Ahmad, salah satu penumpang yang selamat, menuturkan bahwa peristiwa tersebut terjadi begitu cepat. Ia yang saat itu sedang beristirahat di area sofa, terbangun karena kepanikan penumpang lain yang berlarian di lorong kapal. Saat itulah ia menyadari bahwa posisi kapal sudah tidak stabil.

“Saya tanya, kenapa pak?, lalu dijawab katanya kapal miring. Saya berdiri, ternyata memang benar miring. Tanpa pikir panjang, saya langsung lari ke bawah,” ungkap Ahmad saat ditemui di posko kesehatan darurat di Pelabuhan Trisakti, Banjarmasin, Kalimantan Selatan, pada Minggu malam (13/9/2026).

Dalam situasi darurat tersebut, Ahmad berusaha mencari perlindungan dengan berpegangan pada tiang dekat jendela. Meski posisi kapal terus miring secara drastis, ia tetap bertahan hingga akhirnya memutuskan untuk naik ke bagian atas kapal sebelum lambung kapal benar-benar terendam air.

Perjuangan Bertahan Hidup di Tengah Laut

Setelah berhasil keluar dari bagian kapal yang tenggelam, Ahmad segera menaiki perahu karet yang tersedia. Di sana, ia bergabung dengan 15 orang lainnya yang mayoritas adalah laki-laki. Namun, penderitaan belum berakhir karena mereka harus terombang-ambing di tengah laut selama tiga jam.

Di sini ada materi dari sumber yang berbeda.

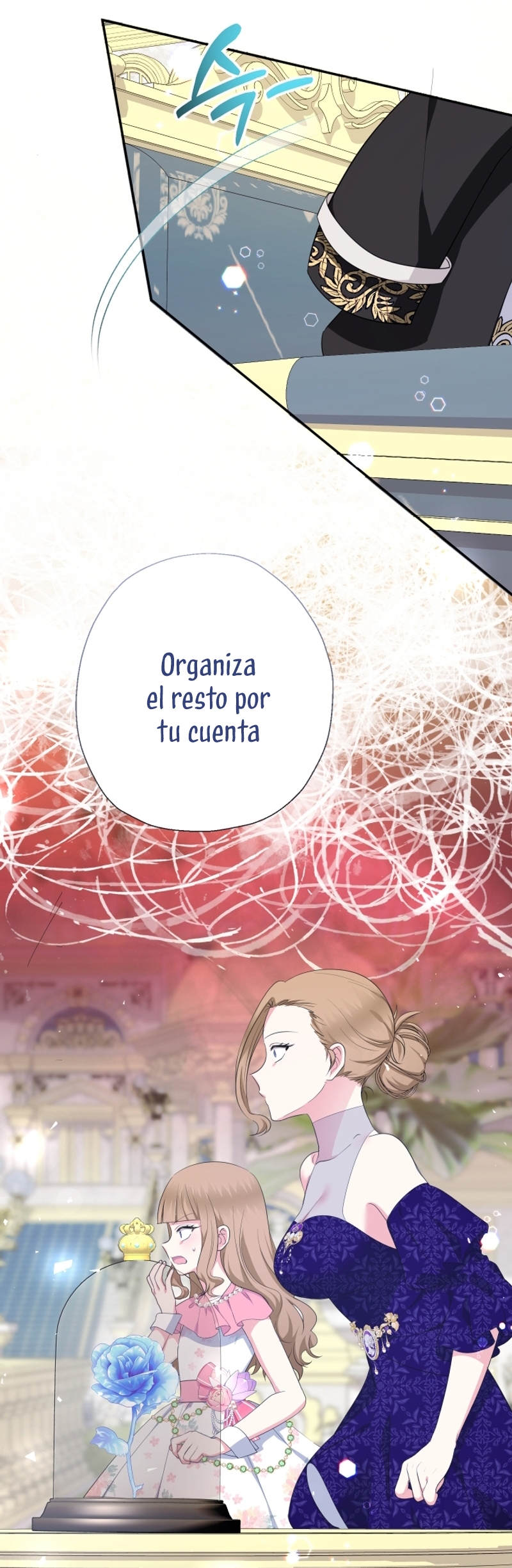 Soy una bebé con dinero en una novela de fantasía romántica Capítulo 74 - Página 26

Kondisi perairan yang buruk, dengan angin kencang dan gelombang tinggi, membuat perahu karet tersebut terus dihantam ombak. Ahmad menyatakan bahwa meski kapal sempat bergoyang akibat gelombang, proses tenggelamnya kapal terjadi dengan sangat cepat saat badan kapal bergerak ke arah kiri.

“Di kapal karet itu saja tiga jam dihantam ombak terus. Pokoknya angin dan gelombangnya besar serta tinggi,” tambahnya.

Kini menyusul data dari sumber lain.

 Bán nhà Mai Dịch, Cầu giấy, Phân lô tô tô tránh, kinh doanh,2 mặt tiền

Data Terkini Proses Evakuasi

Hingga saat ini, proses pencarian dan penyelamatan masih terus dilakukan oleh tim gabungan. Berdasarkan data sementara yang dirilis oleh pihak Basarnas, berikut adalah perkembangan terkini terkait insiden kecelakaan laut tersebut:

  • Korban Selamat: 107 orang telah berhasil dievakuasi dalam kondisi hidup.
  • Korban Meninggal: 6 orang dinyatakan meninggal dunia.
  • Dalam Pencarian: Sebanyak 130 orang masih dalam proses pencarian oleh tim SAR gabungan.

Untuk mendukung upaya pencarian, Basarnas telah mengerahkan setidaknya 15 armada yang terdiri dari 11 kapal, satu unit helikopter, dan tiga pesawat. Tim gabungan berupaya menyisir lokasi kejadian guna menemukan penumpang yang belum terevakuasi, termasuk mereka yang diduga masih terjebak di dalam kamar kapal saat insiden terjadi.

Ahmad sendiri, yang diketahui merupakan warga asal Surabaya yang berdomisili di Banjarbaru, saat itu tengah dalam perjalanan menuju Kalimantan untuk keperluan pengiriman kendaraan bus. Insiden ini kini menjadi perhatian serius pihak berwenang untuk mendalami penyebab pasti hilangnya keseimbangan pada KM Virgo Transport 8 hingga berujung pada tenggelamnya kapal tersebut.